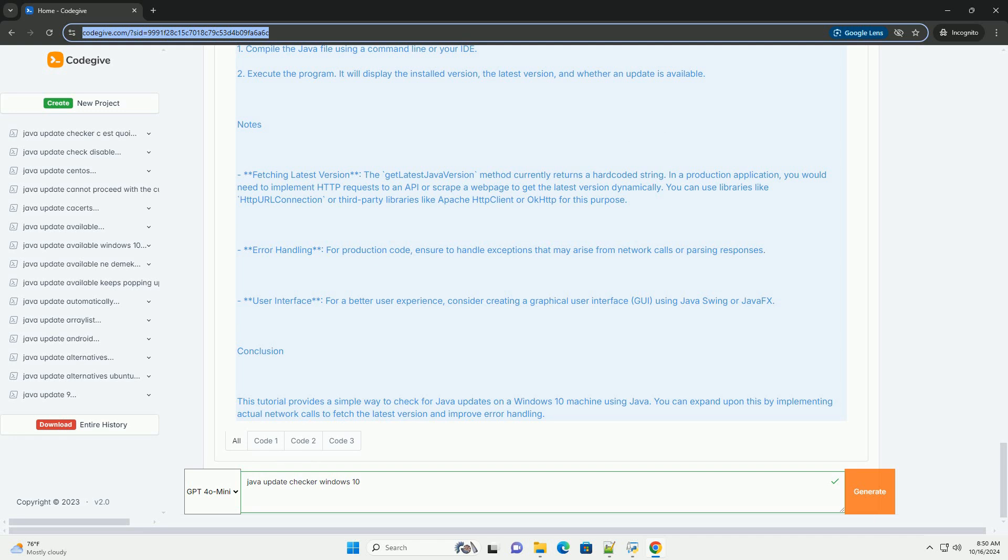2. IDE: Use any Java IDE like IntelliJ IDEA, Eclipse, or even a simple text editor to write your code.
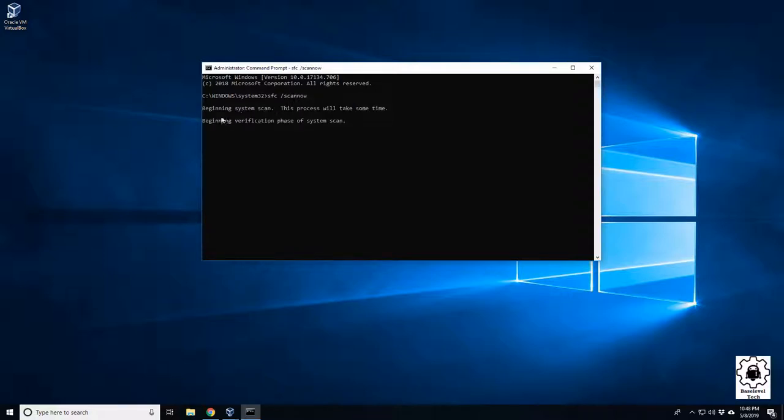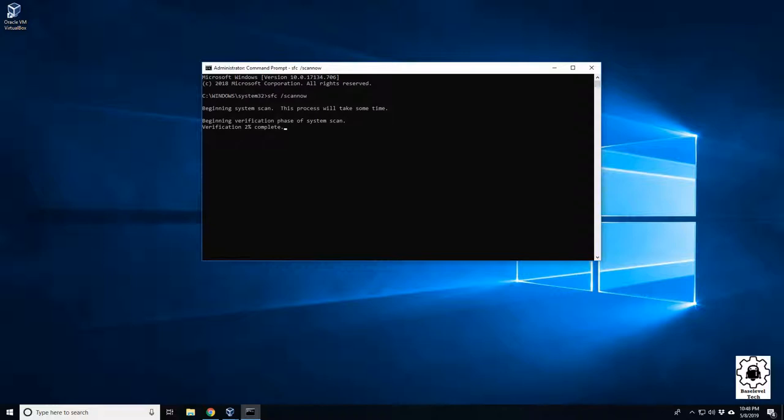And again, it will take some time, depending on how large your machine is. I'm not expecting it to take too long here. But it will go through and verify all of the critical files on your machine.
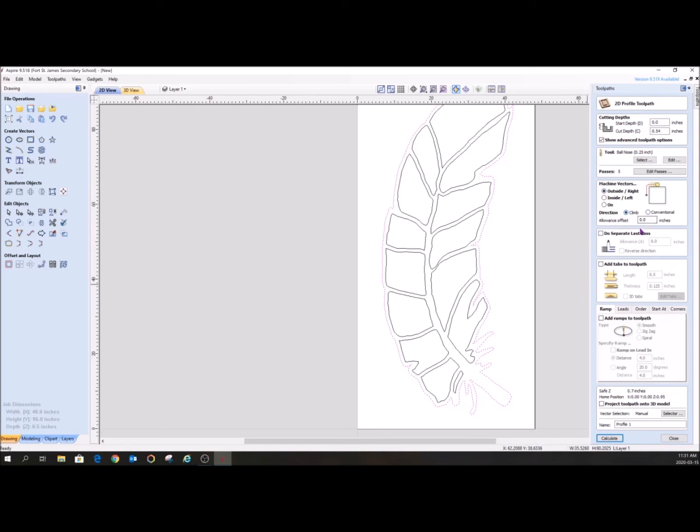Climb conventional, you don't need to know any about that. Don't need anything about that. Name, we'll just rename it and we'll call it outline. And then I will hit calculate.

------------------------------------------------

EXERCISE DIRECTIONS.
Write out the whole listing above exactly, minus images.

YOUR SOLUTION.
2. IDE: Use any Java IDE like IntelliJ IDEA, Eclipse, or even a simple text editor to write your code.
And again, it will take some time, depending on how large your machine is. I'm not expecting it to take too long here. But it will go through and verify all of the critical files on your machine.
Climb conventional, you don't need to know any about that. Don't need anything about that. Name, we'll just rename it and we'll call it outline. And then I will hit calculate.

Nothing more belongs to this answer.